• _Task to complete_:
Set down the data below word for word, and leave the images aside.

• _Given material_:

* * * *

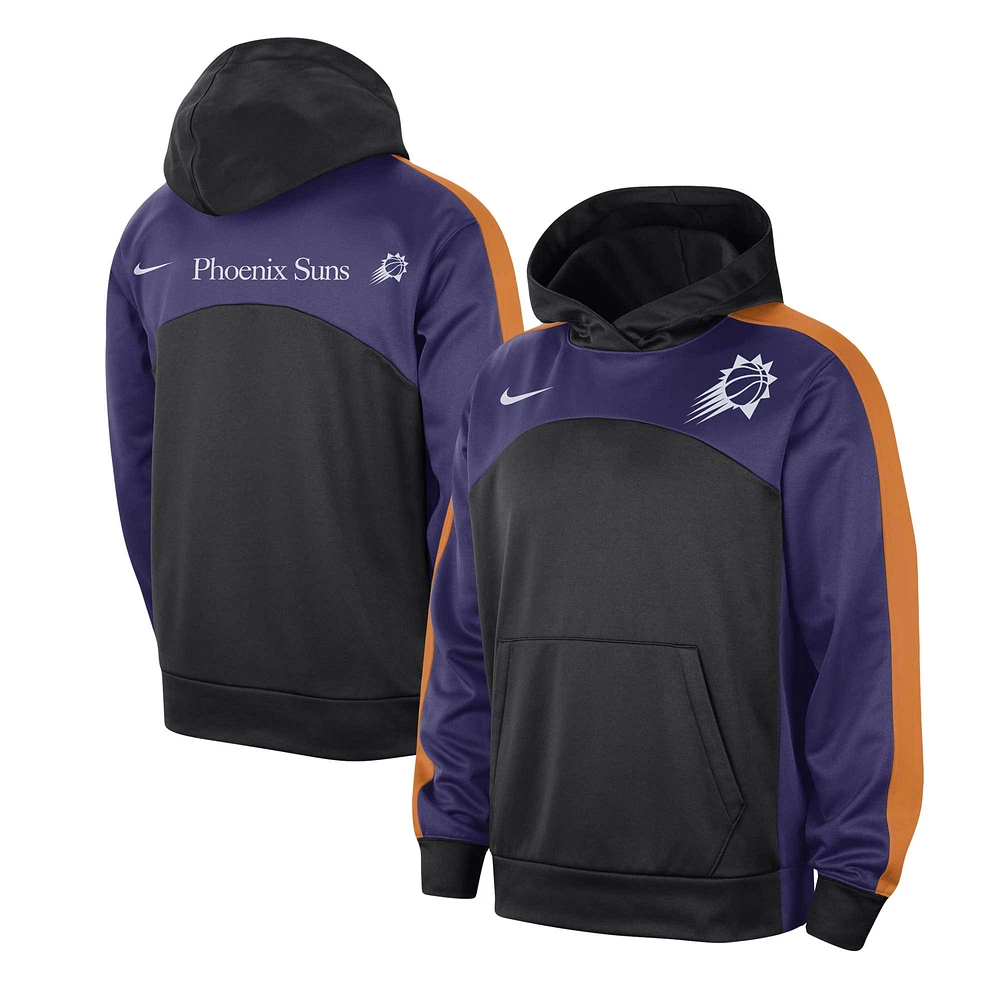 Men's Nike Black/Purple Phoenix Suns Authentic Starting Five Force Performance Pullover Hoodie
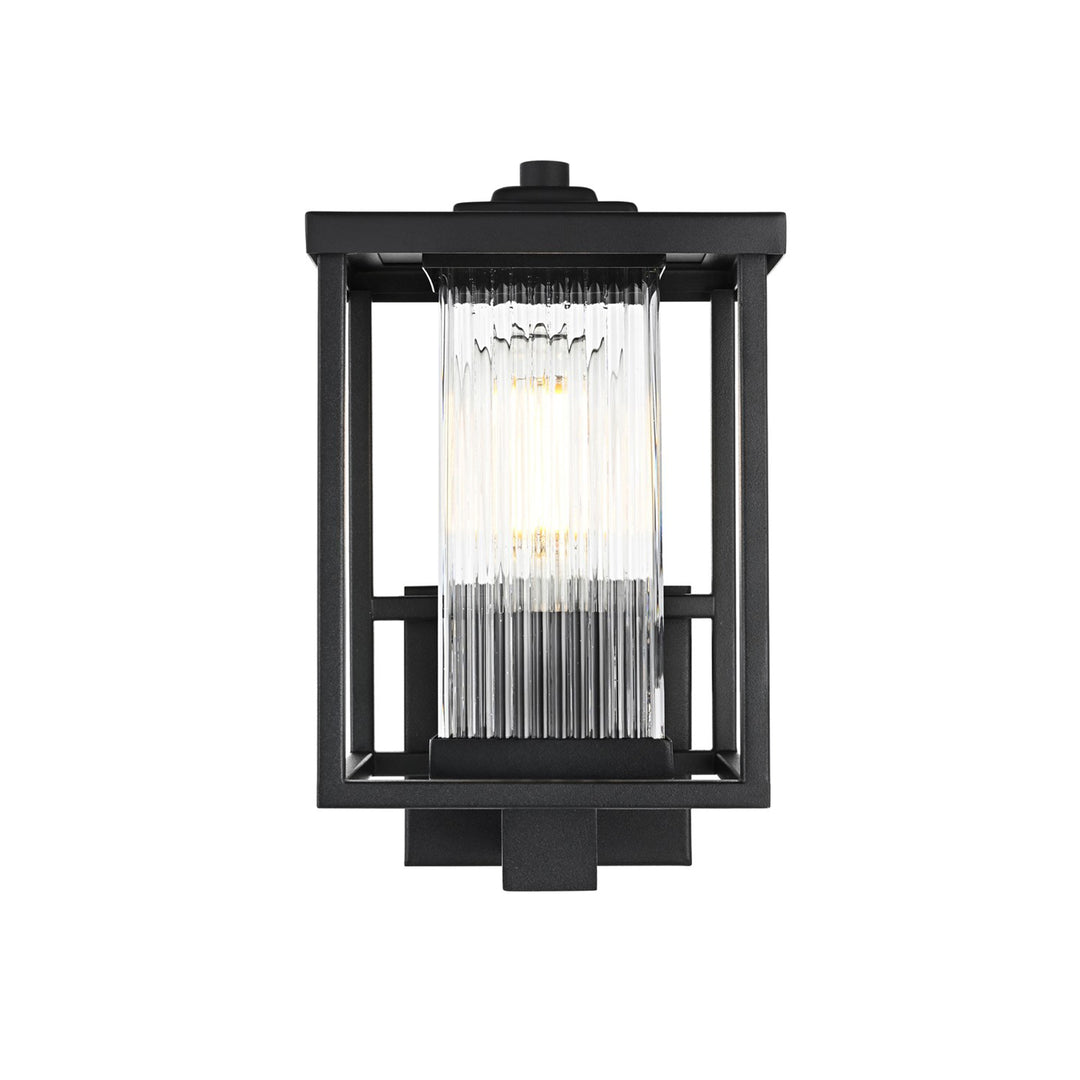 7 Inch Outdoor Wall Sconce in Black - View 4 - Joshua Marshal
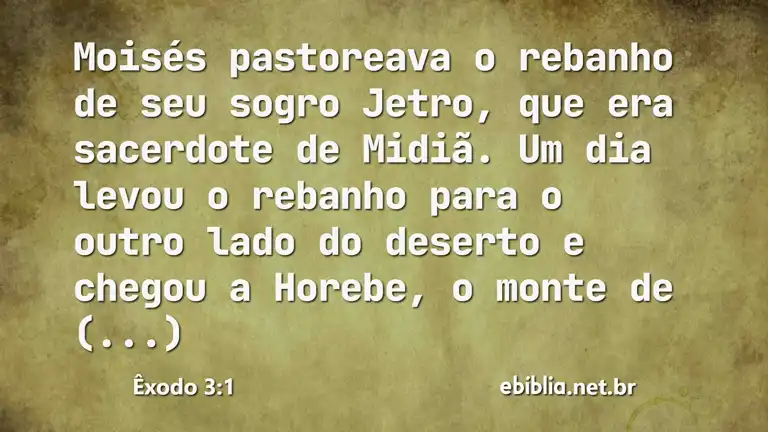 Êxodo 3:1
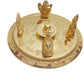 Metal Shiv Parivar Plate with Shivling, Shri Kartik, Ganesh, MATA Parvati, and Nandi  Golden Colour Shiv Parivar for Home Puja, Jalabhishek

* * * *

• _Solution to this exercise_:
 Men's Nike Black/Purple Phoenix Suns Authentic Starting Five Force Performance Pullover Hoodie
 7 Inch Outdoor Wall Sconce in Black - View 4 - Joshua Marshal
 Êxodo 3:1
 Metal Shiv Parivar Plate with Shivling, Shri Kartik, Ganesh, MATA Parvati, and Nandi  Golden Colour Shiv Parivar for Home Puja, Jalabhishek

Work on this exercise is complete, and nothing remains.